◆ **PROBLEM TO WORK ON**: Your copy should repeat the data that follows exactly and contain no image.

DATASET RECORDS START

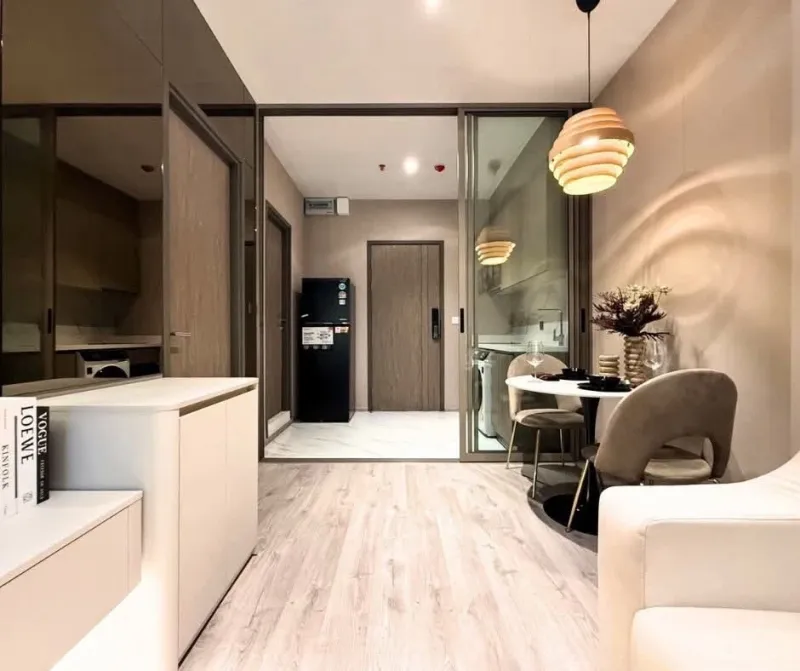 ให้เช่า Rhythm Ekkamai Estate ชั้น 24 วิวโปร่ง โล่ง สบายตา จองเลย ห้ามพลาด ด่วนๆ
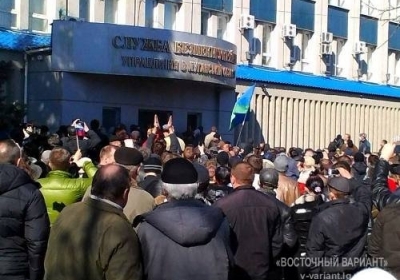 Сепаратисты захватили СБУ Луганска: выбили двери и окна, бросают дымовые шашки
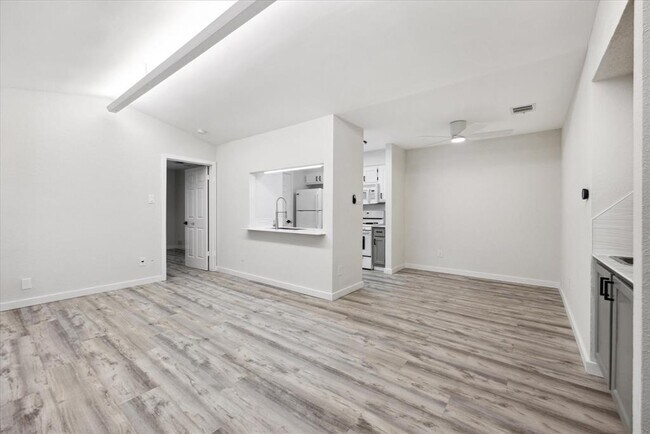 Building Photo - 3609 Leafield Dr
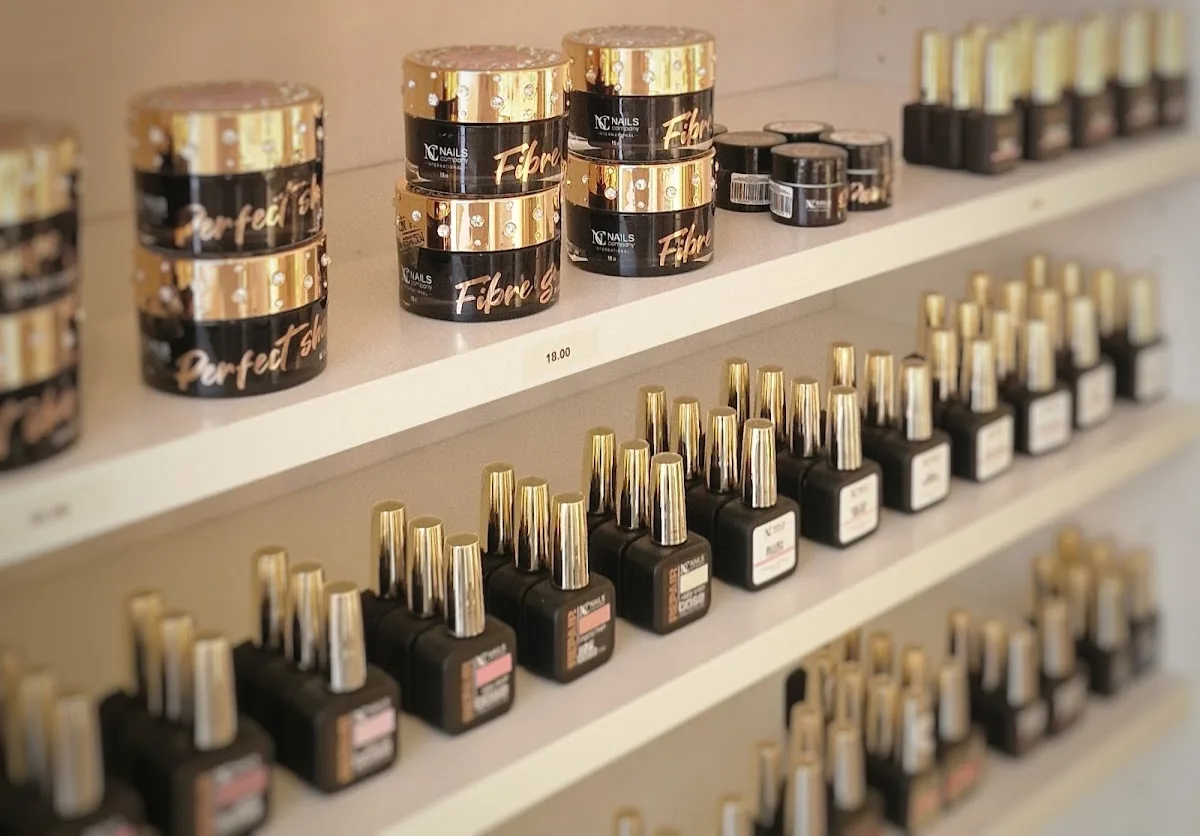 Glow Up studio | Shop NailsCompany
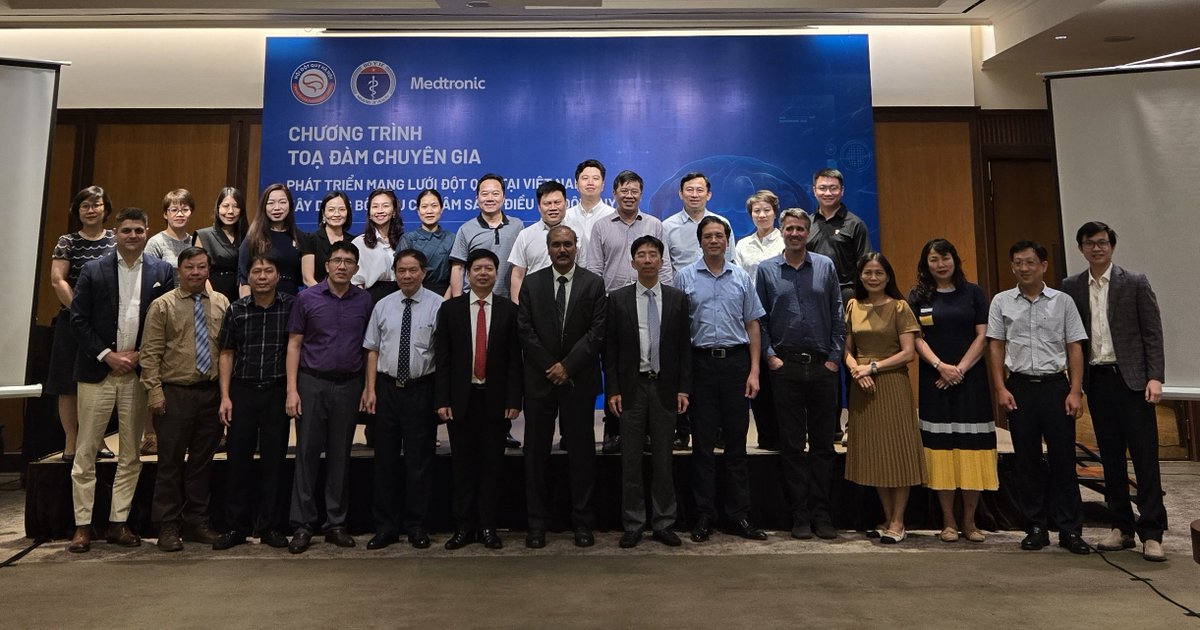 I participated in a focused high-level policy meeting organized by the Hanoi Stroke Association, the Ministry of Health (MOH) Vietnam, and Medtronic, aimed at developing stroke networks in Vietnam. The discussion featured knowledge sharing from both developed countries and low-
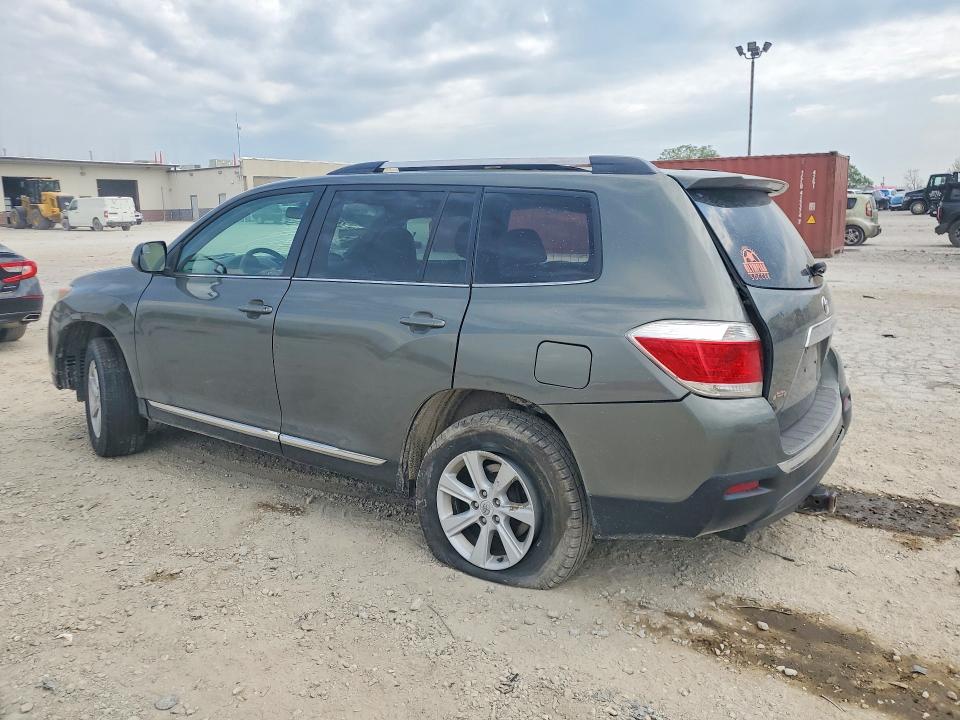 2013 Toyota Highlander მანქანა იყიდება აუქციონზე, vin: 5TDBK3EH6DS222256, აუქციონის ნომერი: 51115976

DATASET RECORDS END

◆ **ANSWER SPACE**:
 ให้เช่า Rhythm Ekkamai Estate ชั้น 24 วิวโปร่ง โล่ง สบายตา จองเลย ห้ามพลาด ด่วนๆ
 Сепаратисты захватили СБУ Луганска: выбили двери и окна, бросают дымовые шашки
 Building Photo - 3609 Leafield Dr
 Glow Up studio | Shop NailsCompany
 I participated in a focused high-level policy meeting organized by the Hanoi Stroke Association, the Ministry of Health (MOH) Vietnam, and Medtronic, aimed at developing stroke networks in Vietnam. The discussion featured knowledge sharing from both developed countries and low-
 2013 Toyota Highlander მანქანა იყიდება აუქციონზე, vin: 5TDBK3EH6DS222256, აუქციონის ნომერი: 51115976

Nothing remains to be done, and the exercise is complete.